### WHAT YOU WILL DO
Starting at the line that holds "Magnet pengapian yz", quote every line through the end of the records, both boundary lines included. Omit the pictures.

### DATA RECORDS
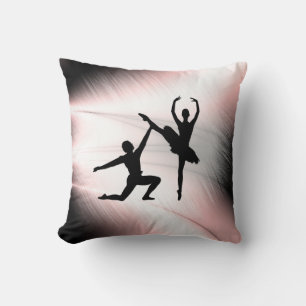 Ballet Rosa par Dance-dekorfärg Kudde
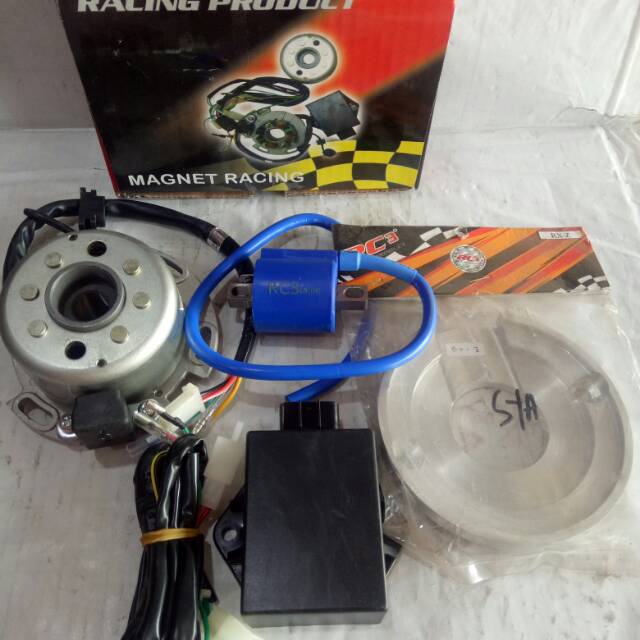 Magnet pengapian yz rxz rc3 komplit lampu nyala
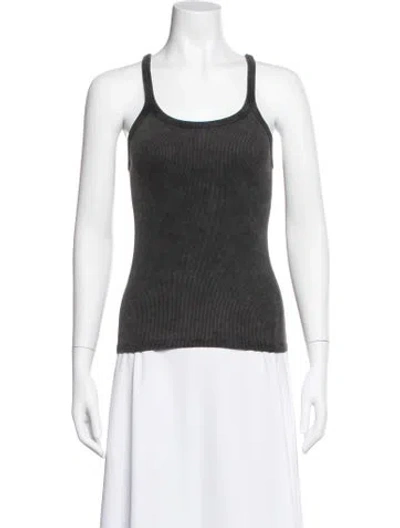 Pre-owned Iro Scoop Neck Sleeveless Top In Gray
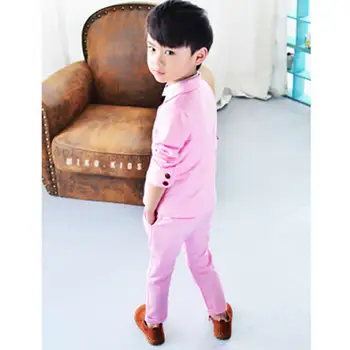 Koreańska casual odzież dla Dzieci odzież dla chłopców Jurken wiosna/jesień pobrane nowe dziecko dress dwa-częściowy garnitur+spodnie przypływ dzieci blezery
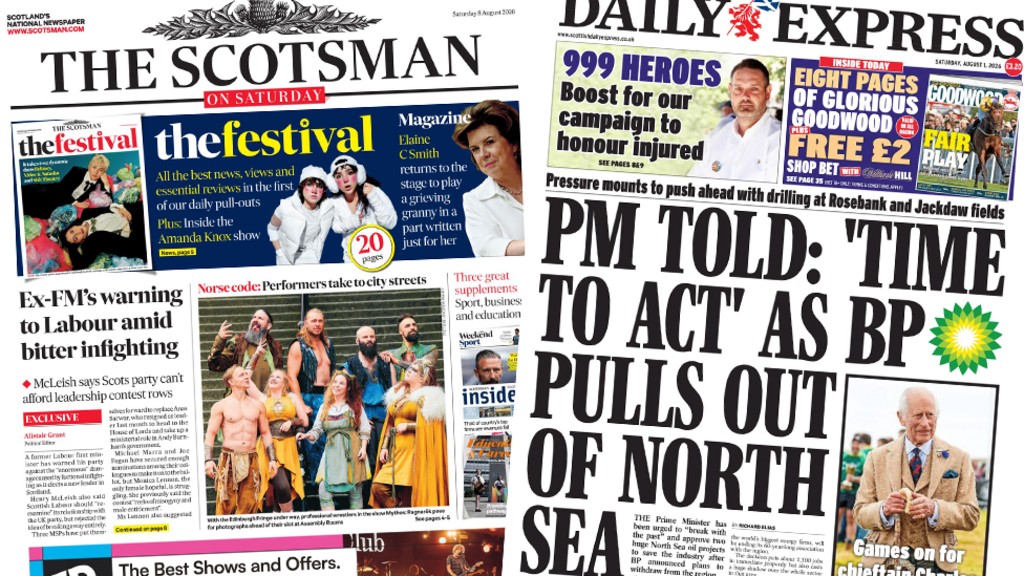 Scotland's papers: McLeish warning over Labour 'infighting' and North Sea drilling plea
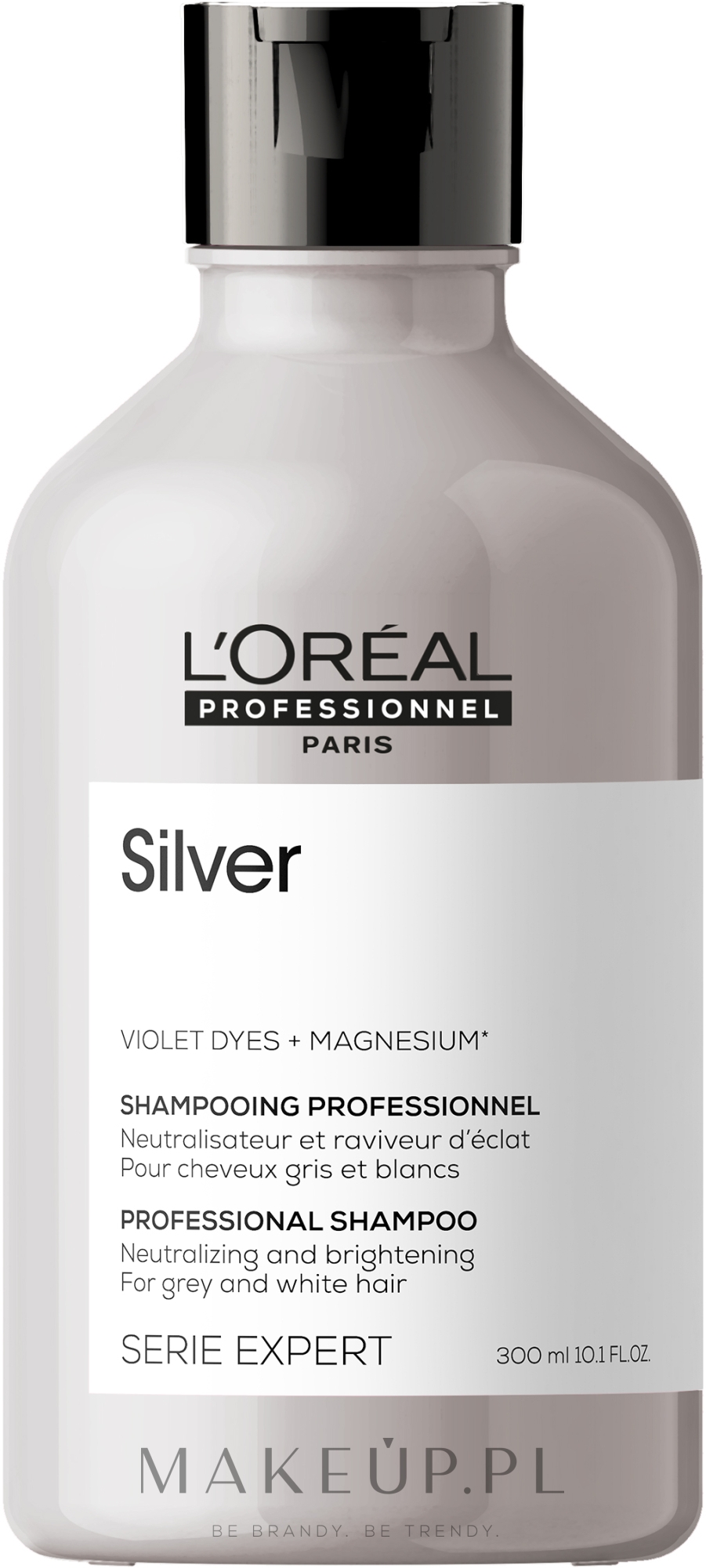 Rozjaśniający szampon do włosów siwych - L'Oreal Professionnel Serie Expert Magnesium Silver Shampoo — Zdjęcie 300 ml NEW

### SOLUTION
 Magnet pengapian yz rxz rc3 komplit lampu nyala
 Pre-owned Iro Scoop Neck Sleeveless Top In Gray
 Koreańska casual odzież dla Dzieci odzież dla chłopców Jurken wiosna/jesień pobrane nowe dziecko dress dwa-częściowy garnitur+spodnie przypływ dzieci blezery
 Scotland's papers: McLeish warning over Labour 'infighting' and North Sea drilling plea
 Rozjaśniający szampon do włosów siwych - L'Oreal Professionnel Serie Expert Magnesium Silver Shampoo — Zdjęcie 300 ml NEW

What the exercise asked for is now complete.